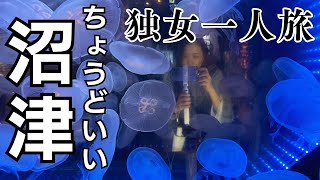 【沼津1泊2日】静岡ひとり旅にちょうどいい！沼津港・沼津深海水族館・三島大社・柿田川湧水群 [upl. by Demmer]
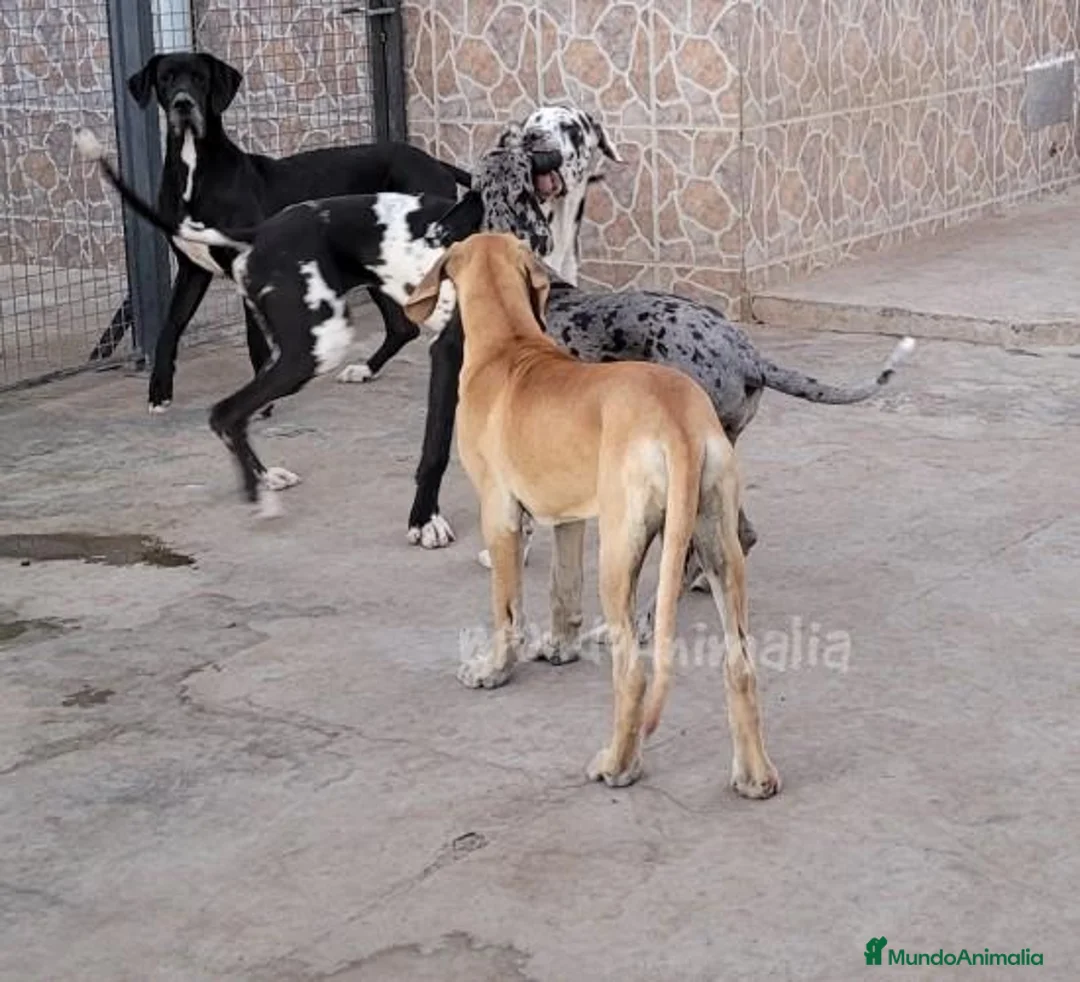 Imagen de galería {{count}}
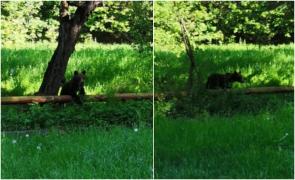 Ursuleţ la plimbare prin Braşov, în plină zi, aproape de Spitalul Sf. Constantin. A fost trimisă o avertizare Ro-Alert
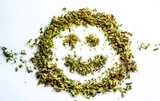 Canopy Growth: Cannabis Top‑Player Canopy Growth gelingt Umsatzsprung: +282%
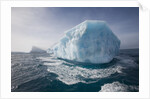 Iceberg at South Georgia Island by Anonymous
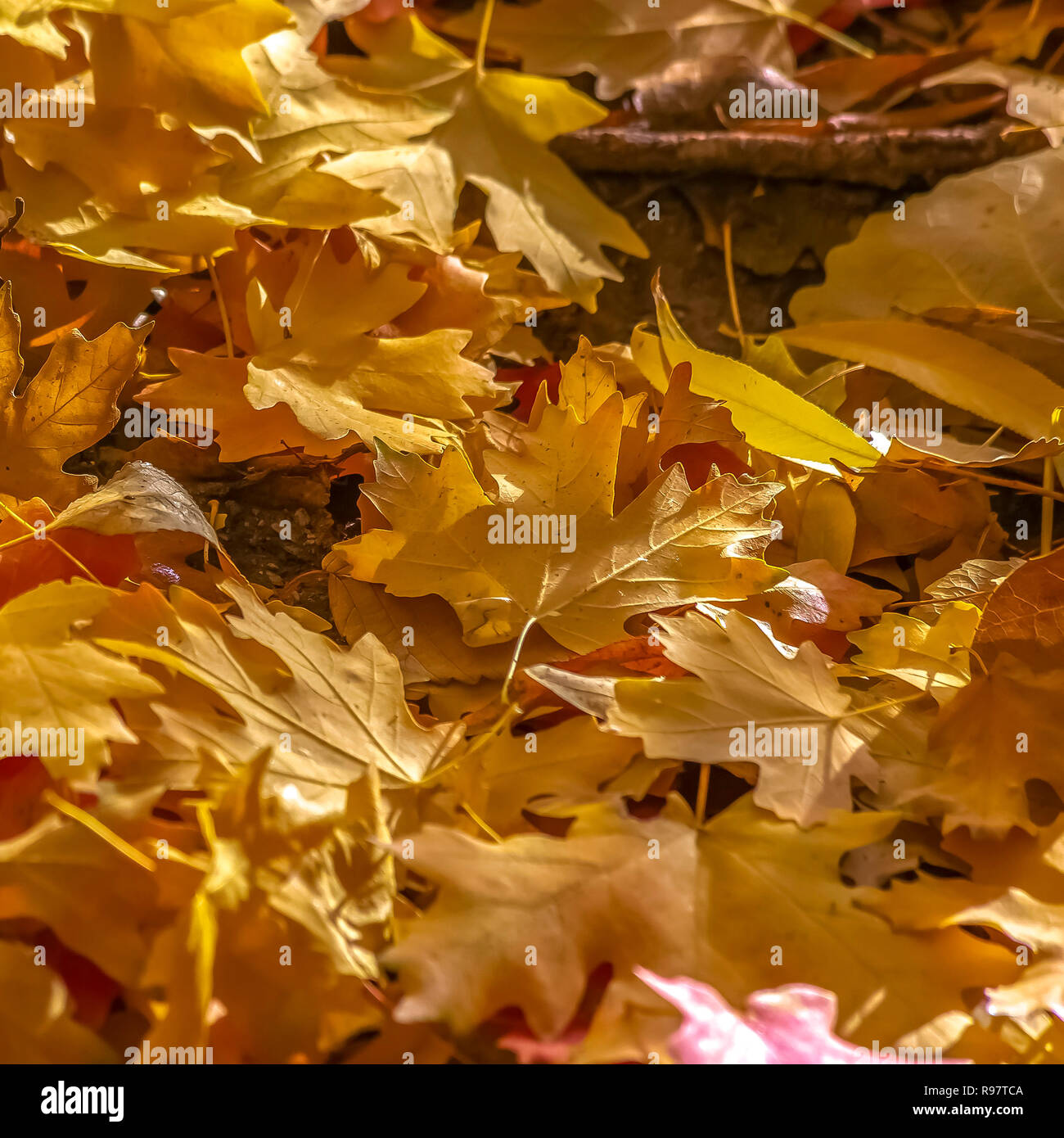 Fallen leaves on the ground in Salt Lake City Utah Stock Photo - Alamy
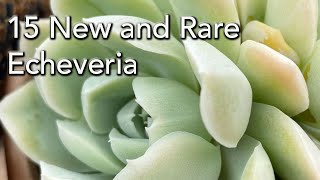 15 Rare Echeveria with Names  New and Interesting collectable Varieties [upl. by Nilats673]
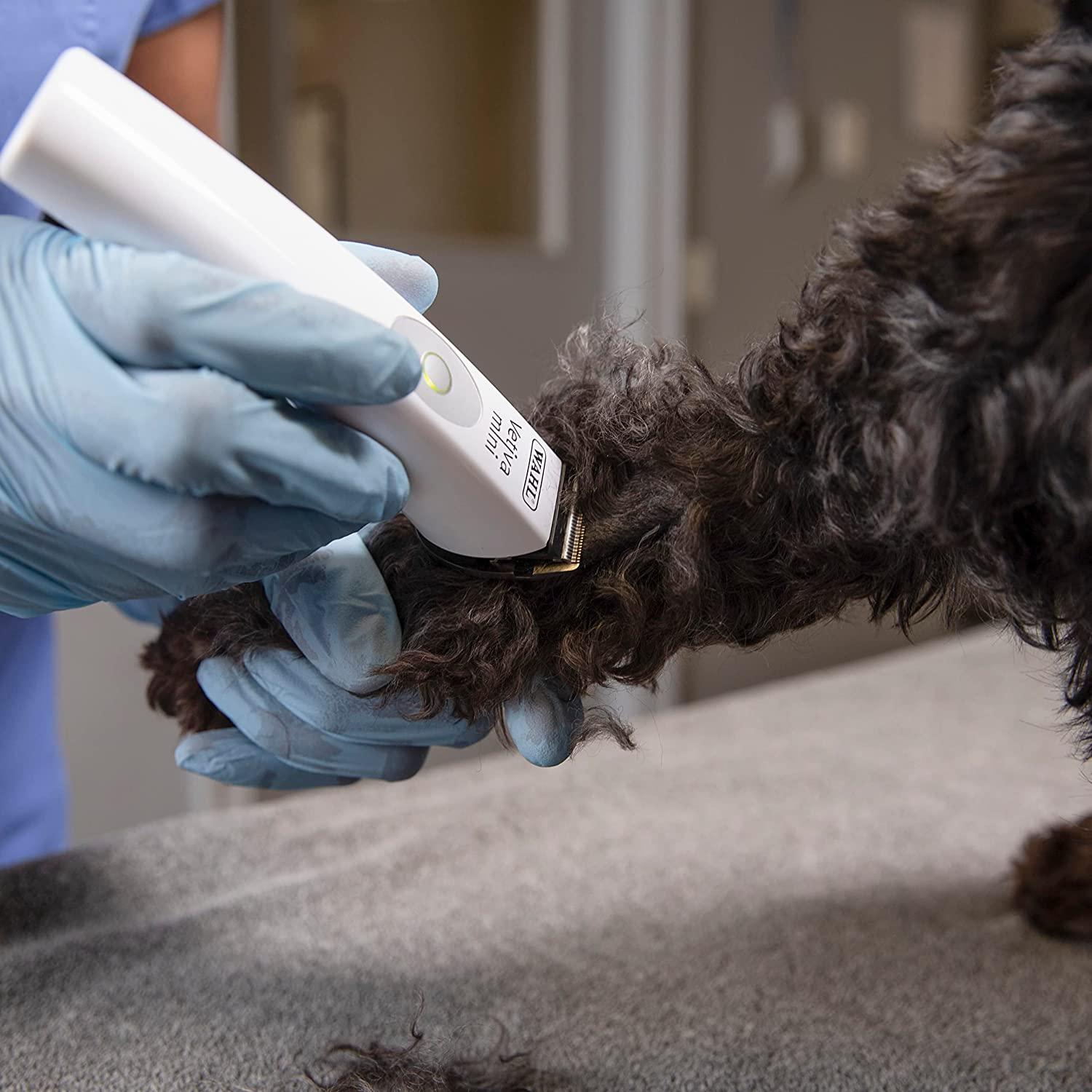 Wahl Vetiva Mini Cordless Veterinary Trimmer and Replacement Blade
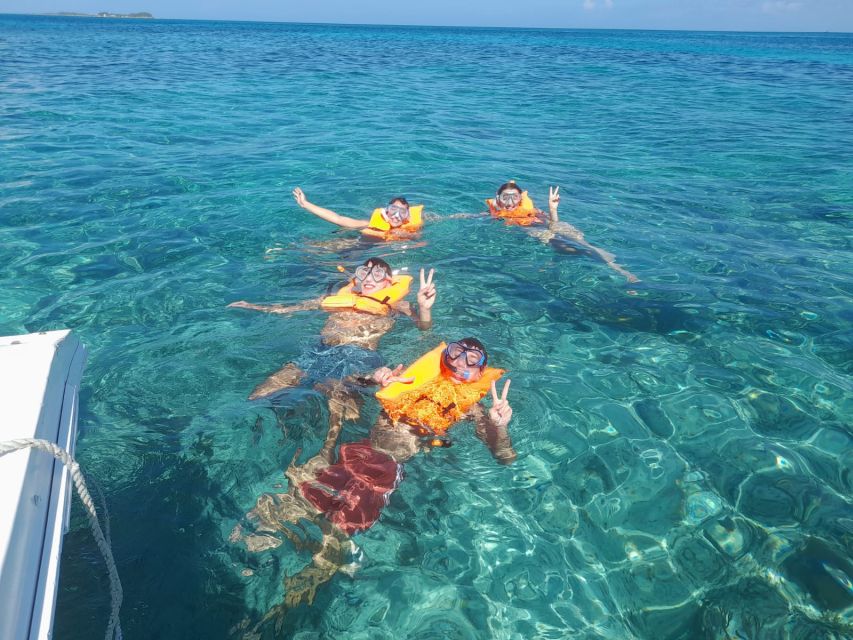 Nassau: Swimming With Pigs, Snorkeling, and Sightseeing Tour - Key Points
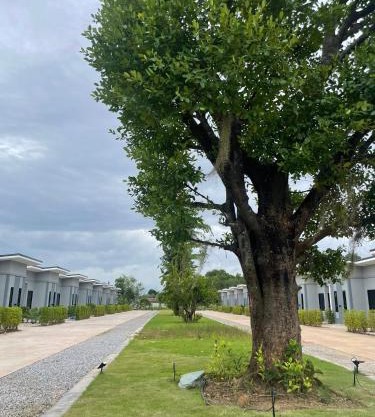 กลางนา รีสอร์ท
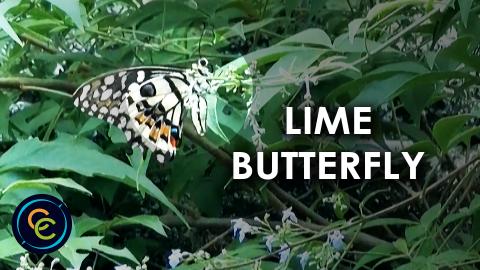 Lime butterfly flying around the five-leaved chaste tree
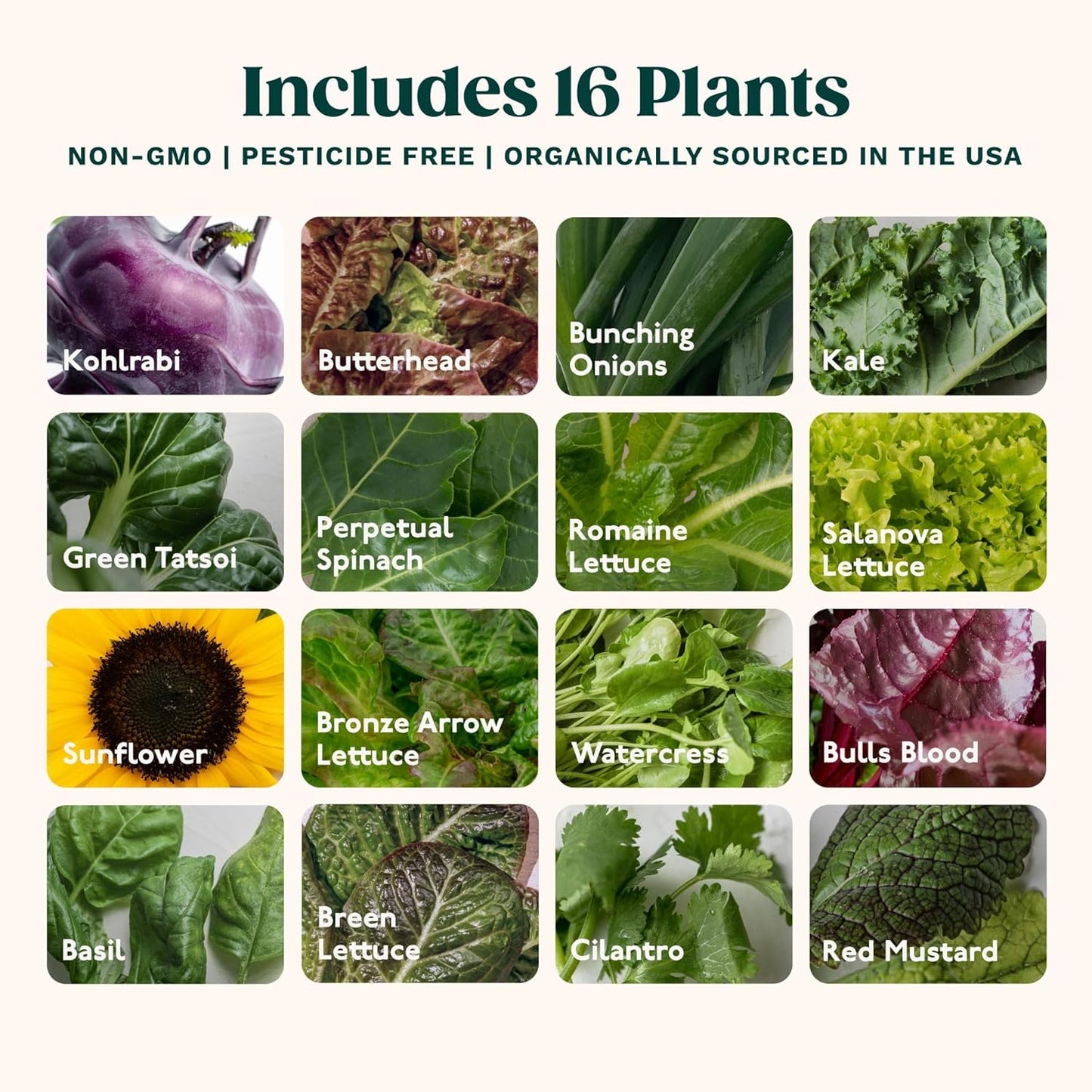 Gardyn Studio Vertical Hydroponics Growing System Kit - 16 Non-GMO Plants, Herbs, Vegetables - Tower Garden - Hydroponic Herb Garden Planter Indoor Kit - Indoor Gardening System with LED Grow Lights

= = = =

In your output, include only the lines from the line containing "Lime butterfly flying" through the last line of the material above, exactly as they appear, and leave out the pictures.

• **EXERCISE RESPONSE**
 Lime butterfly flying around the five-leaved chaste tree
 Gardyn Studio Vertical Hydroponics Growing System Kit - 16 Non-GMO Plants, Herbs, Vegetables - Tower Garden - Hydroponic Herb Garden Planter Indoor Kit - Indoor Gardening System with LED Grow Lights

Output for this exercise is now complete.